> Try it
Pictures are not part of the copy. Reproduce all the records exactly.

[Crawled caption data]
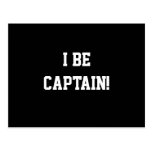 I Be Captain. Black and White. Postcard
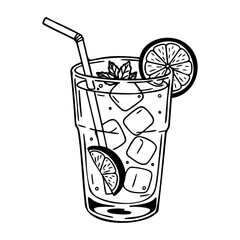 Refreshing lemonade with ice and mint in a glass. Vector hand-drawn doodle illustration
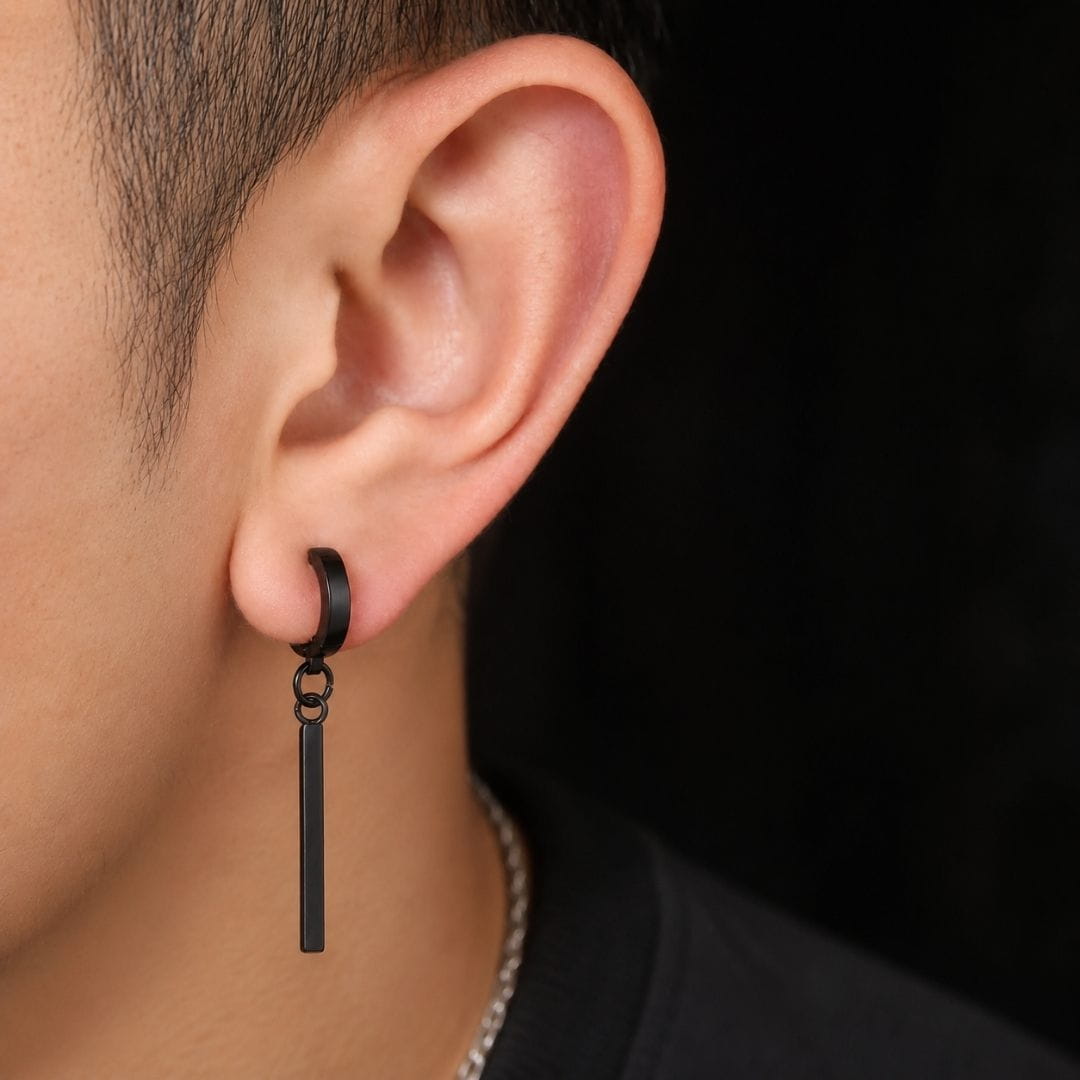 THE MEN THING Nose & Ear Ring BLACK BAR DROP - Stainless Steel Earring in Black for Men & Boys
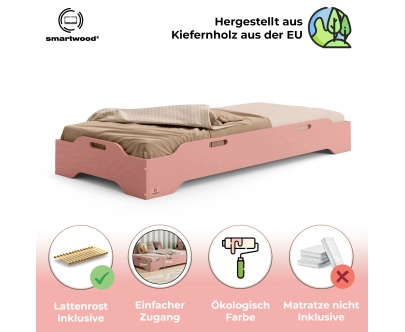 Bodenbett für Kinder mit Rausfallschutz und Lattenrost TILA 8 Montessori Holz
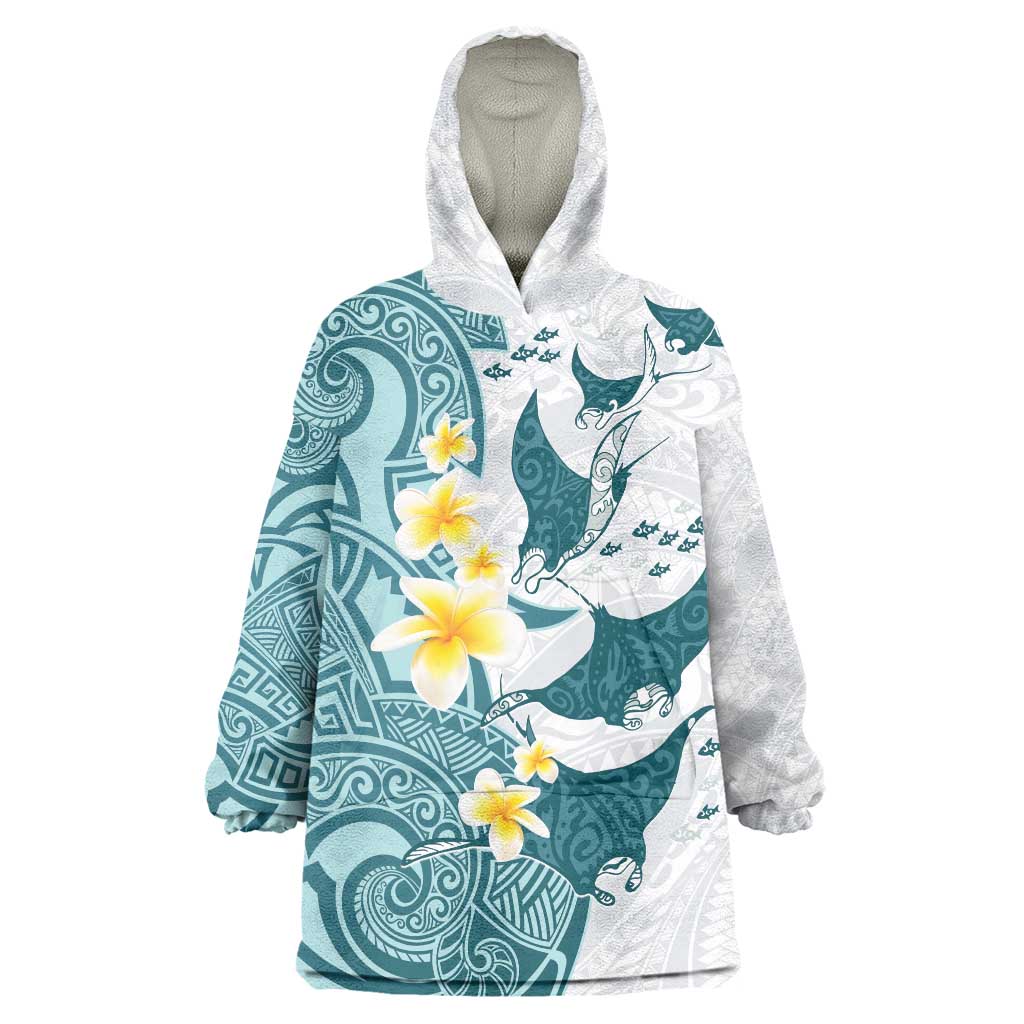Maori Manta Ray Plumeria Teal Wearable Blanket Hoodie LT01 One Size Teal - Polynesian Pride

> Task output
 I Be Captain. Black and White. Postcard
 Refreshing lemonade with ice and mint in a glass. Vector hand-drawn doodle illustration
 THE MEN THING Nose & Ear Ring BLACK BAR DROP - Stainless Steel Earring in Black for Men & Boys
 Bodenbett für Kinder mit Rausfallschutz und Lattenrost TILA 8 Montessori Holz
Maori Manta Ray Plumeria Teal Wearable Blanket Hoodie LT01 One Size Teal - Polynesian Pride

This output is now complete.